MacIver had been right. I felt as if Nikki had kicked me in the pit of the stomach.

I straightened up on the bench. “I don’t think so. I’m sorry.”

He didn’t fight. “I understand. I had hoped …”

“Under other circumstances I might have.” That was a shabby attempt and I regretted it the instant I had spoken. But I didn’t retract it; it was too late for that.

I don’t know if he understood what I meant. If Nikki hadn’t chosen to take advantage of our relationship in such a way I might have been far more open to his suggestion. But I wasn’t sure of that; I’m still not sure what I might have done under other circumstances. Anyone who is exposed to the product of the modern world’s massive news-gathering machinery learns very quickly that he cannot possibly concern himself with even a small fraction of the injustice and misery that infects his planet. And since he cannot help everyone he soon becomes indifferent to anyone. I think this is really why witnesses to muggings watch but do nothing—it is why none of us wants to “get involved.” We are assailed by too many appeals, all of them worthy; we are threatened by an avalanche of “problems” which cry out for “solutions”; finally in defense of our sanity we close our ears and isolate ourselves.

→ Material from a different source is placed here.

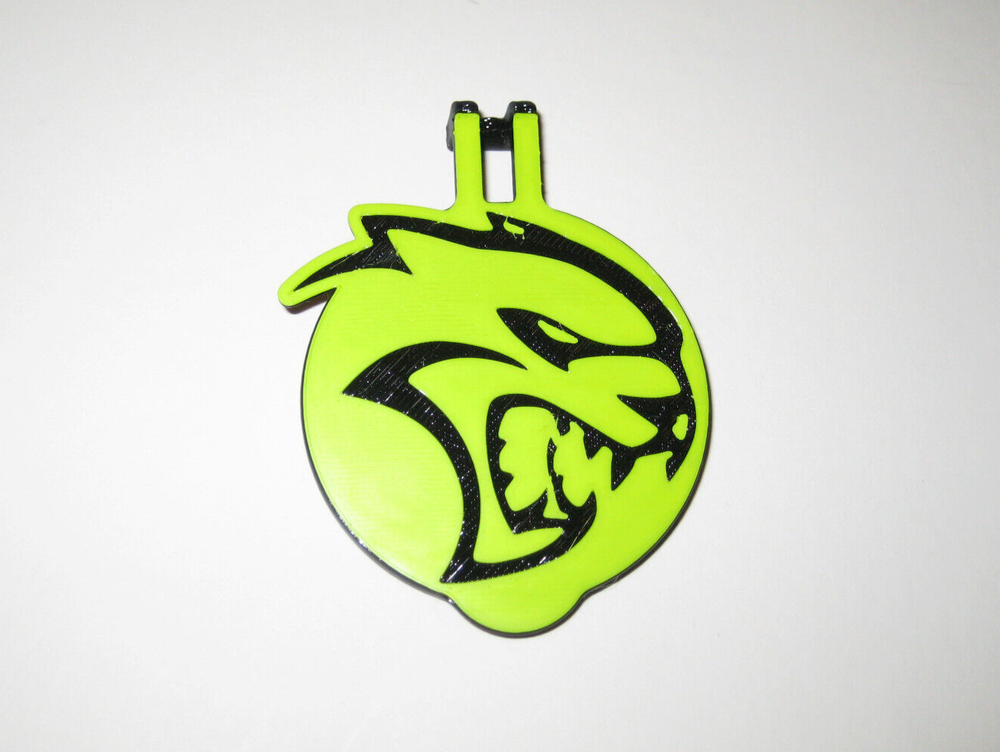 NEW Dodge Mopar Hellcat Charger Challenger Windshield Washer Reservoir Cap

The moral rectitude of such a course is dubious but the pragmatic necessity is clear. In such a mood of defensive isolation I might well have reasoned that the Jews now had a strong and capable ally—the people and government of Israel—and that I, who was neither a smuggler nor a Jew, had no obligation to assist them. I might have; I might not. I can’t say. The issue was clouded by Nikki’s involvement in it; this was what I reacted to—it was my personal sense of betrayal that dictated my decision.

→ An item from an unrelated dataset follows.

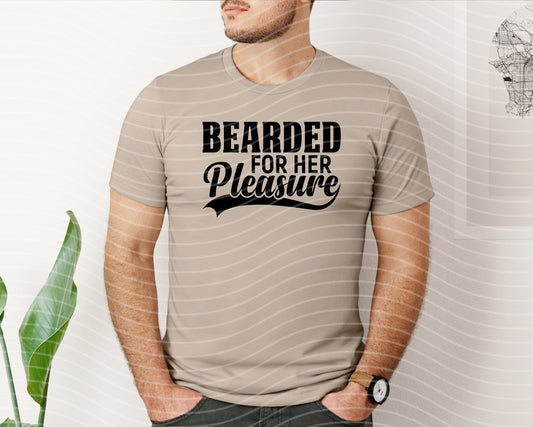 Bearded for Her Pleasure Graphic Tee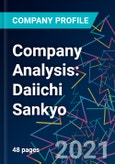 Company Analysis: Daiichi Sankyo- Product Image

Bukov got to his feet, carrying the umbrella. “I apologize for taking so much of your time.”

“It’s quite all right.”

“We’d better get back. Your friend will be waking up soon.”

We walked through the dim empty station. As we passed through the door and he unfurled the umbrella he said, “Please remember my offer of assistance. If the need arises, I’m at your service.”

“I shouldn’t think you owe me anything.”

“It wasn’t intended as a bargaining point, Mr. Bristow. The two questions are separate. The one never depended on the other.”

“Well since I’m not joining your fifth column I don’t see how the need should arise.”

“I hope it won’t,” he said with resonant sincerity, and we picked our way across the square, around the puddles.

* March 9, 1973.—Ed.

* The Soviet Committee for State Security (Komitet Gosudarstvennoi Besopast-nosti)—the Russian Secret Police, the world’s largest and most elaborate intelligence organization, founded and headed until 1953 by Lavrenti P. Beria, one of Stalin’s closest and most vicious associates. It is a sort of cross between the CIA-FBI and the Gestapo.—Ed.

* Respectively, “Hebrew” and “Jew.”—Ed.

† Respectively, “yids” and “Abies.”—Ed.

* The Protocols of the Elders of Zion, although it ramified from Berlin starting in 1919, was an invention of a Russian fanatic organization called the Black Hundred. The Protocols purported to be the minutes of several meetings of the heads of a worldwide, sinister Jewish conspiracy in which the Elders outlined their plans to overthrow all existing regimes and build a Jewish world empire. Obviously the Protocols were a forgery, and a crude one at that, but as ridiculous as they may have been, they were convincing to a great many people—including such Americans as Henry Ford and Father Coughlin. (From Bristow’s notes.)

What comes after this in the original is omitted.